Customer Service for the Ages
How well and how long do you support your customers? Maybe a few years for a given version of your product, perhaps 5+ years for products with long-term support?
What about industries that need support for longer? For example, it’s easy to buy parts for our cars at the 10+ year stage. But what about decades?
Or a century? There are indeed industries where this matters, where 100+ year-old systems and machinery are used every day, e.g. last I knew, the Crane Paper Company makes the paper used for U.S. currency on 100-year old paper making machines, old-style.
I have two stories of great long-term customer services.
The first involved a factory machine, a needle loom, made about 1967, using a very old-fashioned eddy-current clutch drive system. Along about 1992, I was re-engineering and updating this machine’s controls, and needed some information about the controller’s wiring and operational modes.
So I somehow called the original drive system manufacturer, who had long since been bought by another larger firm.

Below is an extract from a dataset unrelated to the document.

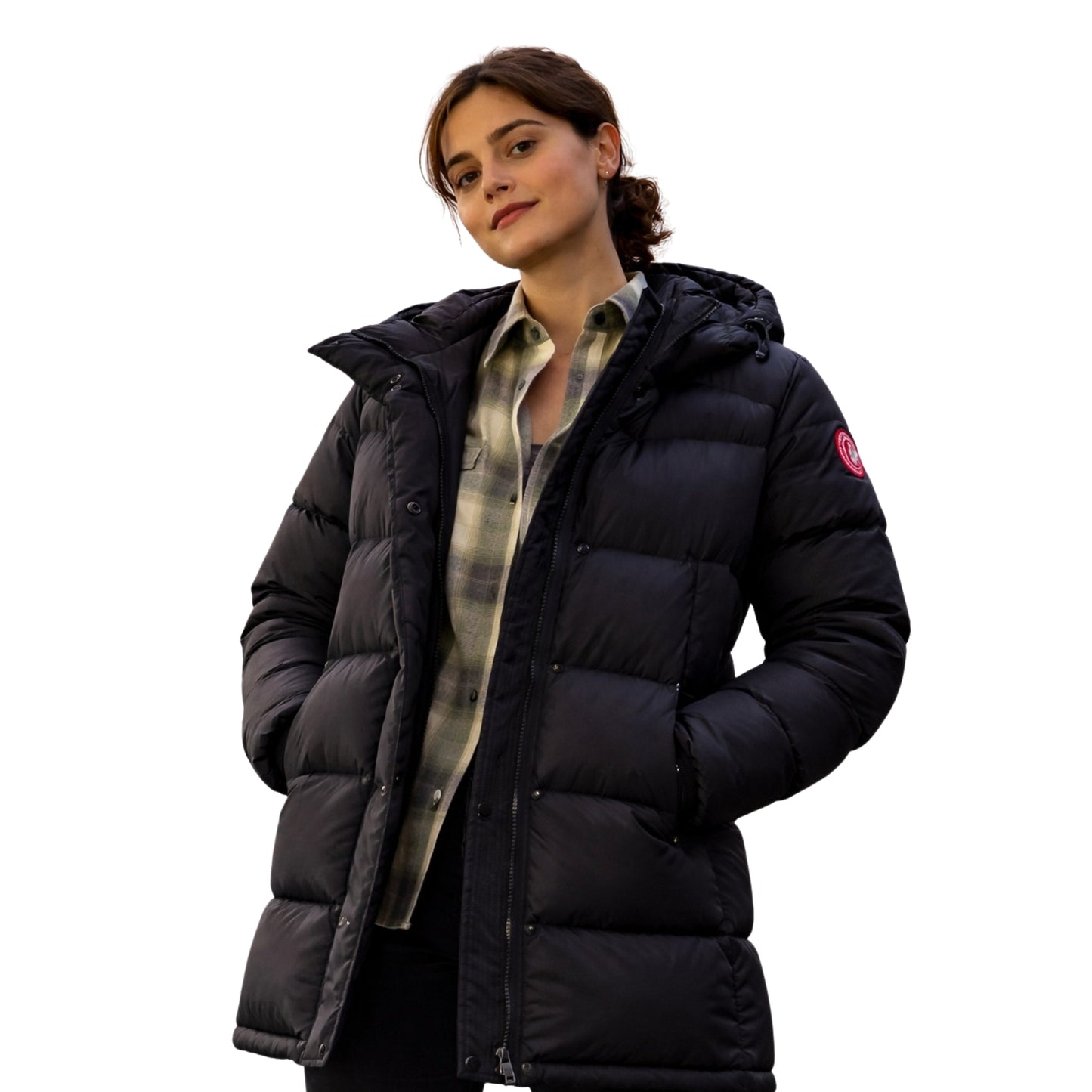 Woman wearing a black puffer jacket on a white background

But I found a number and after a couple transfers, connected to a guy who could help me.
He asked me the model and serial numbers, and answered a couple of basic questions, and then said, “I have the original system & engineering manual, would you like me to send you one ?”.
Of course, I would, and a few days later, a large manila envelope arrived for me. With the original manual, diagrams, and other info I needed. For a 25-year-old year old system that was nearly obsolete the day it was built.

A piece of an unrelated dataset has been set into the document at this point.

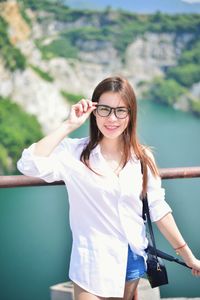 Portrait of smiling young woman standing outdoors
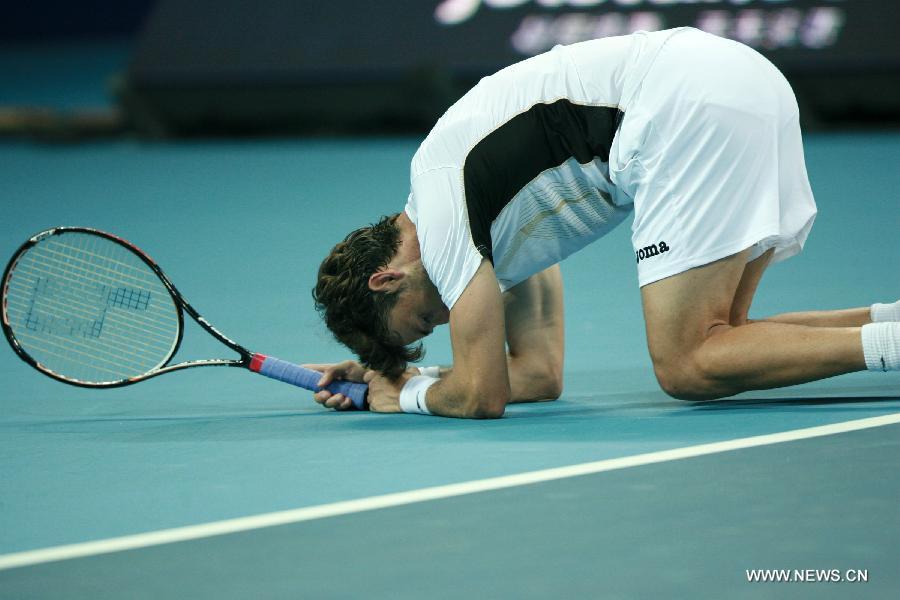 Spain's Juan Carlos Ferrero reacts during the men's singles quarterfinal against France's Jo-Wilfried Tsonga at 2011 China Open Tennis Tournament in Beijing, capital of China, on Oct. 7, 2011. Juan Carlos Ferrero lost the match 0-2. [Bai Xuefei/Xinhua]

Who keeps original manuals on decades-old systems? This company does, because customers like me need these things, on machines built before we were born.
The second story is even better and while I was not personally involved, members of my team were, in another nearby factory.

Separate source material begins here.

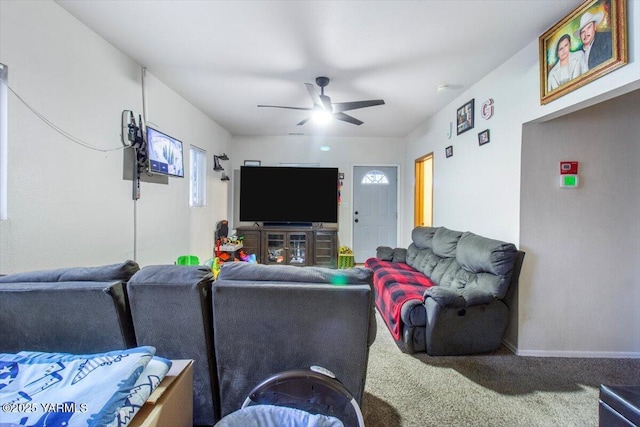 living room with ceiling fan, carpet, and baseboards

Seems an old and large machine’s main motor controller, an Allen-Bradley size 5–6 starter, failed. The coil burned out in this nearly refrigerator-sized unit. It was built in the 1930s or ’40s if I remember correctly — probably 50+ years old.
In a perfect world, they would just buy a new one for many thousands of dollars and replace it. But newer units would not fit in the rather custom mounting arrangement required by this machine, and re-engineering it was too time-consuming, as this part of the factory was down until this important machine could be fixed.
So a call was placed to Allen-Bradley, in business since 1903, to discuss options.
And they said, “We don’t stock replacement units that old and large, but we can make you a new coil from the original drawings and winder settings, which we keep for exactly this purpose. It’ll take a few days.”
Next Monday and a few thousand dollars later, a new coil arrived, which fit in, wired up, and worked like a charm, right out of the box. On a 50+ year-old absurdly-obsolete product built before WWII. I was astounded.
This is real customer service, providing parts and manuals for decades into the future, for customers who pay premium prices in part for exactly this type of service long after the purchasing engineers have retired.
Think about how you can provide service levels worthy of customers for a half-century or more.